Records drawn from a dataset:
┌────────

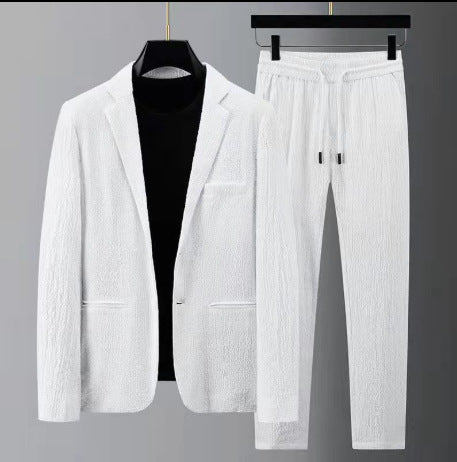 White Men's Lightweight Casual Suit Jacket for Spring & Summer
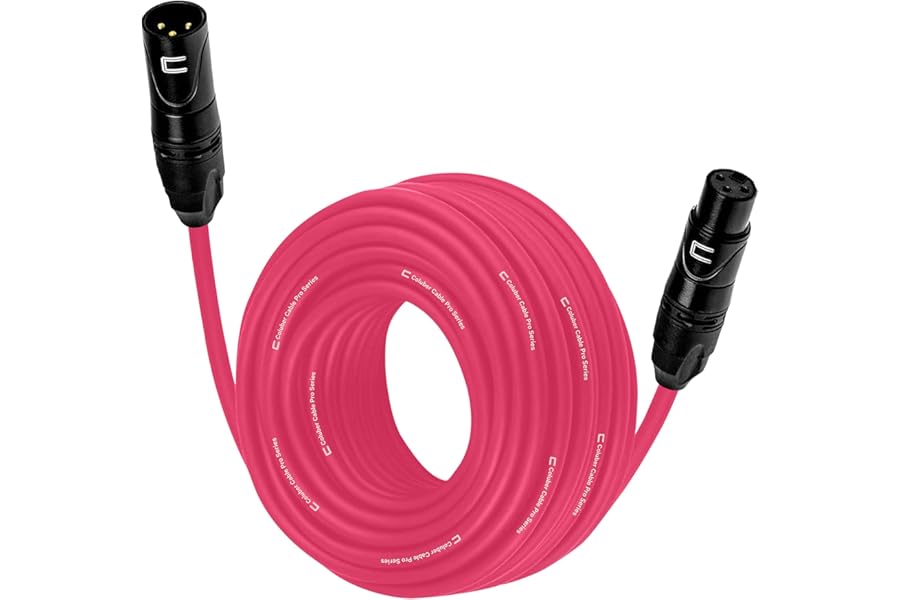 Balanced XLR Cable Male to Female - 35 Feet Pink - Pro 3-Pin Microphone Connector for Powered Speakers, Audio Interface or Mixer for Live Performance & Recording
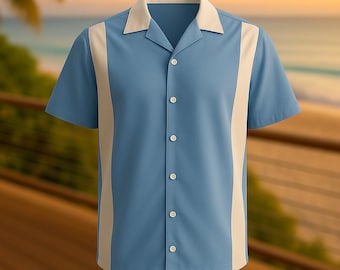 Charlie Harper Style Bowling Shirt | Retro Light Blue Oversized Fit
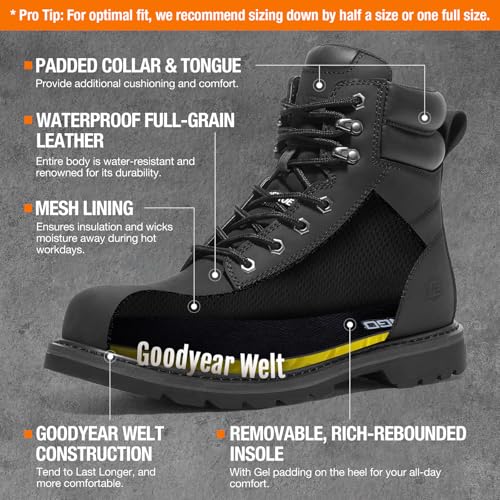 Image of NINGO Soft Toe Work Boots for Men, Waterproof Comfortable Leather Industrial & Construction Boots, Oil & Slip Resistance Safety Shoes with EH Protection, for Outdoor Factories Warehouses Farms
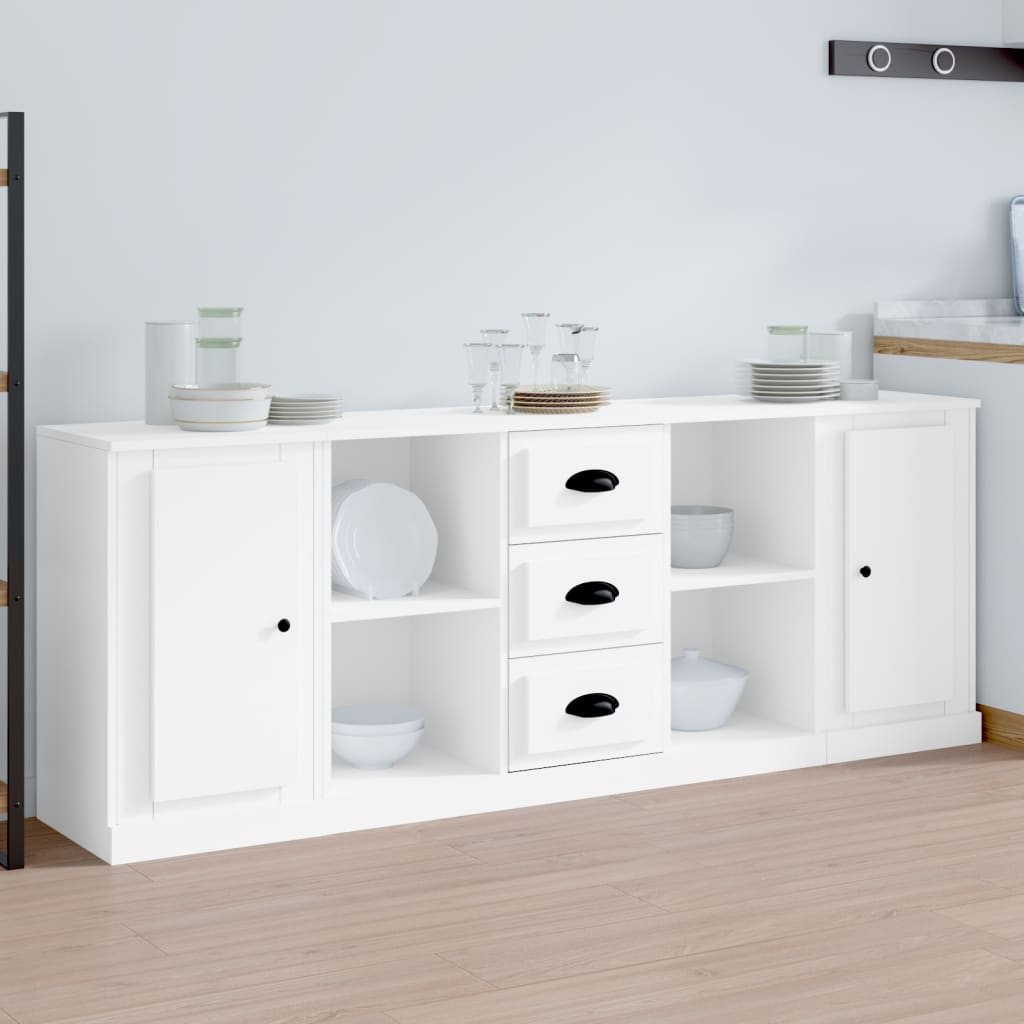 vidaXL Sideboards 3 Stk. Weiß Holzwerkstoff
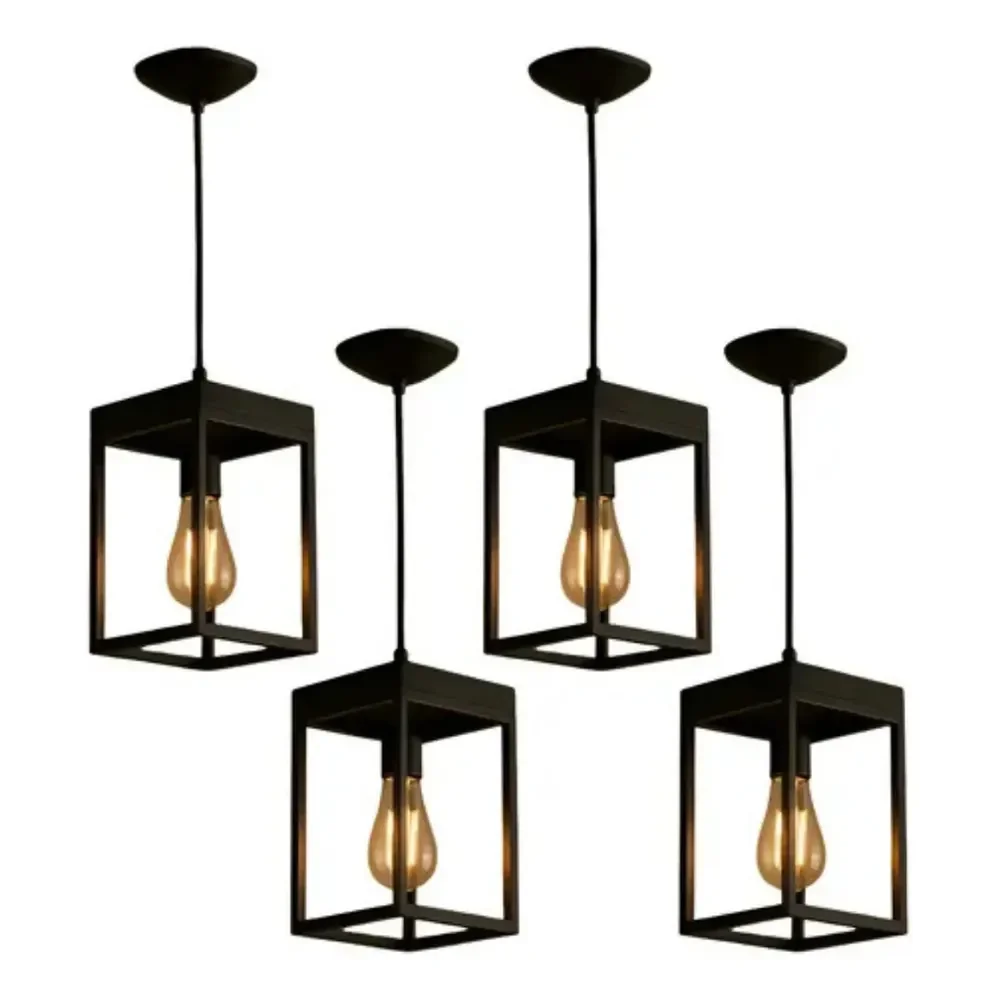 4 Pendente Lustre Luminaria Teto Industrial De Madeira Preto 127/220v Preto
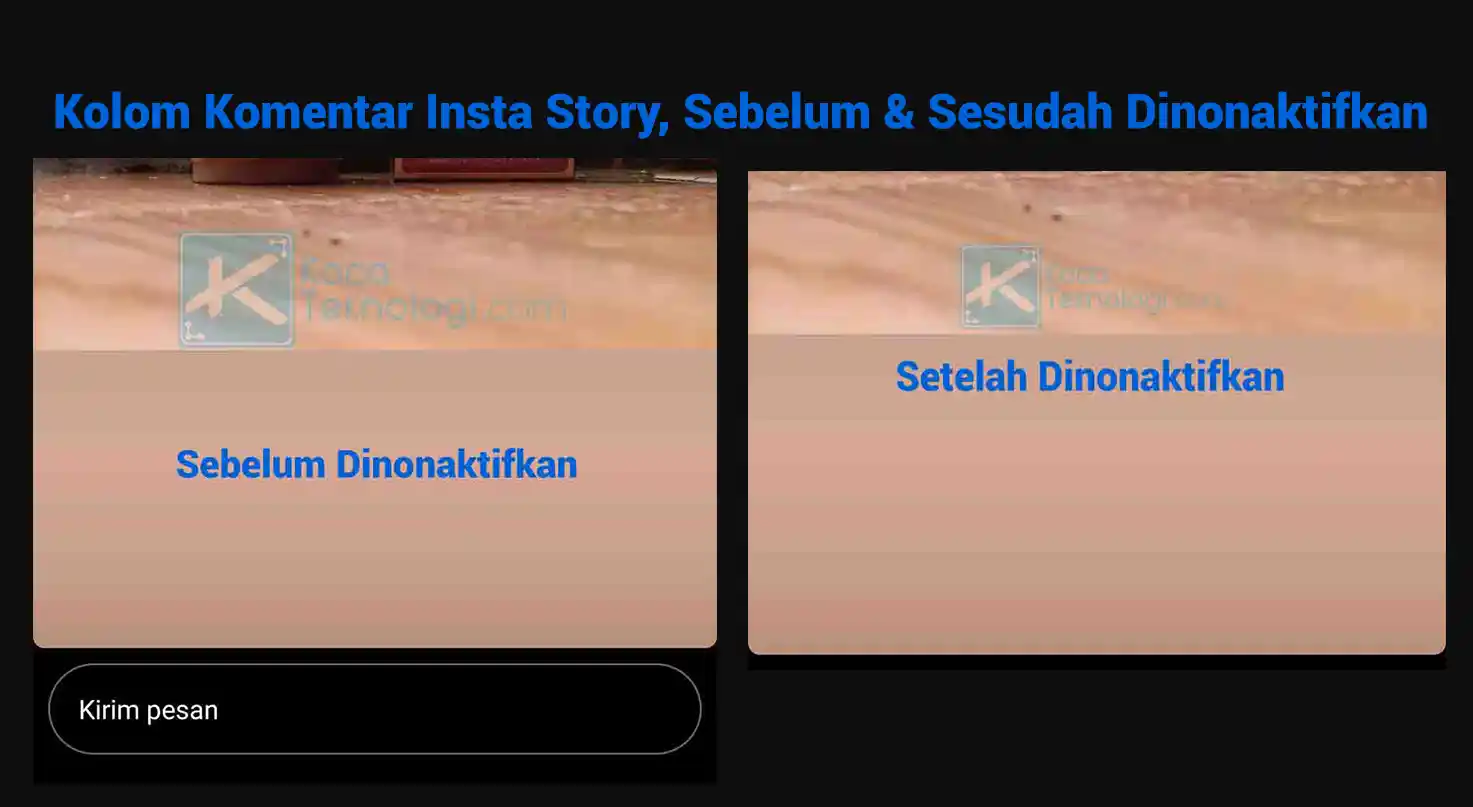 cara menghilangkan kirim pesan di story ig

└────────

Omit the pictures and restate the rest of the records verbatim.

 White Men's Lightweight Casual Suit Jacket for Spring & Summer
 Balanced XLR Cable Male to Female - 35 Feet Pink - Pro 3-Pin Microphone Connector for Powered Speakers, Audio Interface or Mixer for Live Performance & Recording
 Charlie Harper Style Bowling Shirt | Retro Light Blue Oversized Fit
 Image of NINGO Soft Toe Work Boots for Men, Waterproof Comfortable Leather Industrial & Construction Boots, Oil & Slip Resistance Safety Shoes with EH Protection, for Outdoor Factories Warehouses Farms
 vidaXL Sideboards 3 Stk. Weiß Holzwerkstoff
 4 Pendente Lustre Luminaria Teto Industrial De Madeira Preto 127/220v Preto
 cara menghilangkan kirim pesan di story ig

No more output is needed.